Elle a deux mots nouveaux sous son oreiller.

Sofia Queiros, Normale saisonnière, Éditions Isabelle Sauvage
Partage de Dominique A heureux facteur poétique

Une femme sans pays

À la pire heure de la pire saison
de la pire année de tout un peuple
un homme quitta l’asile des pauvres en compagnie de sa femme.
Il se mit à marcher, ils marchèrent ensemble, vers le Nord.

Mais la famine la rendait si fiévreuse qu’elle ne put le suivre.
Alors il la souleva, la porta sur son dos.
Il marcha ainsi vers l’ouest, l’ouest encore, enfin le nord.
Jusqu’à ce qu’à la tombée de la nuit, ils fissent halte sous le firmament gelé.

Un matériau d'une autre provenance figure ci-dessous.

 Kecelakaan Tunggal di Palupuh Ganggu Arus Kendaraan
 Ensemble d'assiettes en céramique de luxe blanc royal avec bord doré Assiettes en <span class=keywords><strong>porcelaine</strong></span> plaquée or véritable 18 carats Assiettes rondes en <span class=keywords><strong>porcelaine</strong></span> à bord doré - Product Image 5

Au matin, on les retrouva morts tous les deux.
De froid. De faim. Victimes de toutes les toxines de l’histoire.
Mais elle avait les pieds serrés contre sa poitrine à lui
Qui lui avait offert la chaleur de son corps en ultime cadeau.

Ce seuil, ce n’est pas à un poème d’amour de le franchir.
Pas de place ici pour l’éloge imparfait
des grâces faciles et de la sensualité du corps.
Seulement le temps de faire l’inventaire impitoyable qui suit :

Leur mort, à tous deux, pendant l’hiver 1847.
Leur degré de souffrance. Leur vie.
Le lien qui peut unir un homme à une femme.
Et les heures sombres où l’on en donne la plus belle preuve.